The Syrian Arab Red Crescent, which is managing the convoys jointly with the U.N. and the ICRC, says 53 trucks have reached Madaya and Zabadani, besieged by pro-government forces, and 18 trucks have reached Kafraya and Foua, which are besieged by rebels.
The Britain-based Syrian Observatory for Human Rights says at least 23 people have been killed in presumed government or Russian airstrikes on various neighborhoods in rebel-held eastern Aleppo on Sunday.
Ibrahim Alhaj of the Syrian Civil Defense search and rescue operation says the group has documented the deaths of 43 people so far.
Staffan de Mistura said Syria's declaration of a military offensive to retake rebel-held eastern Aleppo has led to one of the worst weeks of the 5 1/2-year war with dozens of airstrikes against residential areas and buildings causing scores of civilian deaths.

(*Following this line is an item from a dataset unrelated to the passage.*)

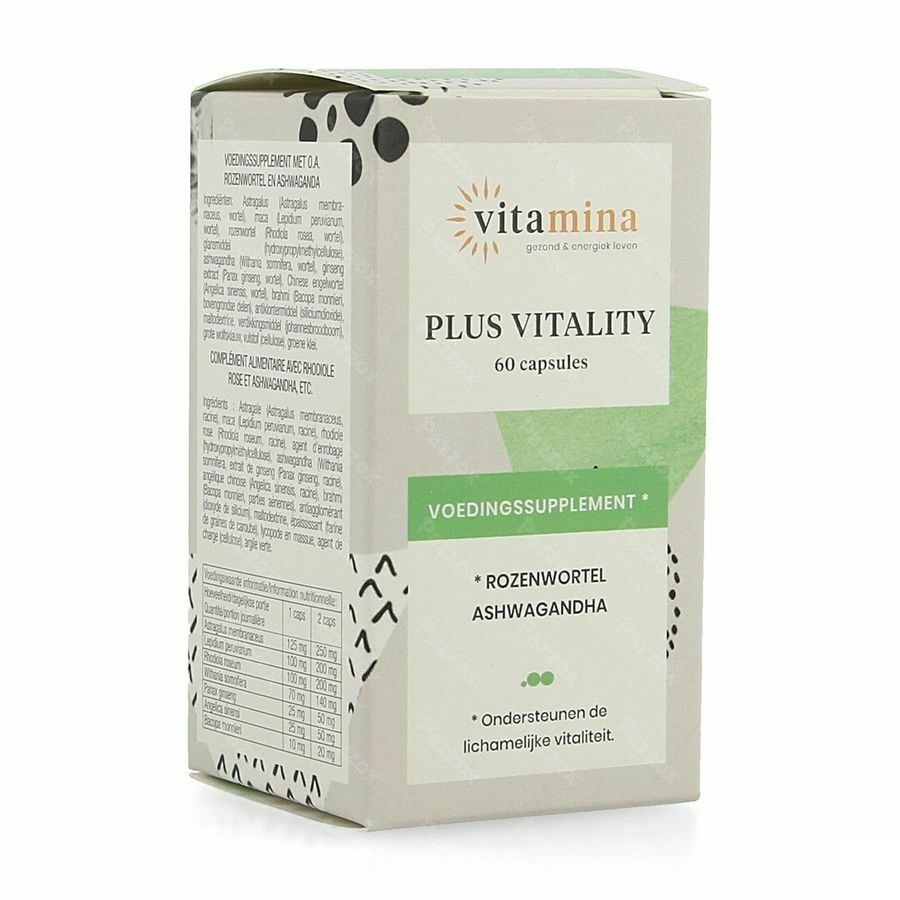 Vita Mina Plus Vitality Caps 60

De Mistura said U.S.-Russian talks on the sidelines of the U.N. General Assembly's ministerial meeting failed to reinvigorate the Sept. 9 cessation of hostilities, and the offensive has left two million people in Aleppo without water.
The foreign minister of Great Britain Boris Johnson said in a broadcast of the BBC that Russia is guilty of protracting civil war in Syria and, possibly, of committing war crimes in the form of air attacks on convoys with humanitarian aid.
France's foreign minister says Russia and Iran will be guilty of war crimes if they don't pressure Syrian President Bashar Assad to stop escalating violence.
The Britain-based Syrian Observatory for Human Rights, which maintains a network of local contacts, says rebels seized Handarat, a largely uninhabited Palestinian refugee camp, early Sunday.